Police and security staff were searching the building when the device went off in a ground-floor lavatory, causing slight damage. The warning was made an hour earlier. 'The call was not direct to us, I believe it went to the NSPCC,' Chief Inspector Robert Chidley said at the the scene later.

The caller made a bomb threat which referred to 'all the hotels in Park Lane' and not specifically the Hilton, police said. Hotels were alerted and security measures put into operation.

Four paramedic teams, six ambulances and four doctors were sent to the scene. Fire crews stood by at other hotels in the area.

Guests at the hotel were asked to stay in their rooms, and customers were evacuated from the lobby and coffee shop. The hotel was fully reopened an hour after the explosion, although nearby streets remained closed.

George Ashou, the duty manager, said that the bomb went off nearly 40 minutes after police began their search of the hotel. 'We hadn't evacuated the hotel because warnings of this kind are so normal now,' he said. 'The bomb went off in the gentlemen's toilets behind my desk. It went off with a bang but not a big bang. Fortunately nobody was in the toilet. Nobody was injured and there is no real damage at all.'

Matt Jones, a doorman at the International Sporting Club near by and a former soldier who served in Northern Ireland, said: 'It was like a thunderflash or firecracker, and I saw the windows of the Hilton offices shaking.'

Police said that a 'very small' explosion occurred just before 8.45pm. The warning call had been made by a man using a recognised IRA code word, who said that a device had been planted in 'a Park Lane hotel'. The road was immediately sealed off. Police later closed parts of the West End while searching for other devices.

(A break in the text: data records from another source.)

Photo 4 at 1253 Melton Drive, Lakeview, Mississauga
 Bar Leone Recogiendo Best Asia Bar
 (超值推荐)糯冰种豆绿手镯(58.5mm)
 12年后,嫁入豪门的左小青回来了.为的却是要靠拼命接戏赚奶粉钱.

Defending his decision not to evacuate the hotel Ch Insp Chidley said: 'If we had taken them outside there would have been a risk of secondary devices.'

The hotel was a target for terrorists in the 1970s. In September 1975, a man and a woman were killed and 62 people injured when a bomb exploded in the main lobby. A warning was telephoned to a newspaper 21 minutes earlier. In December 1973, two small incendiary devices in cigarette packets went off, one in a side entrance to the Hilton, the other in the boot of a car near by. Only minor damage was caused.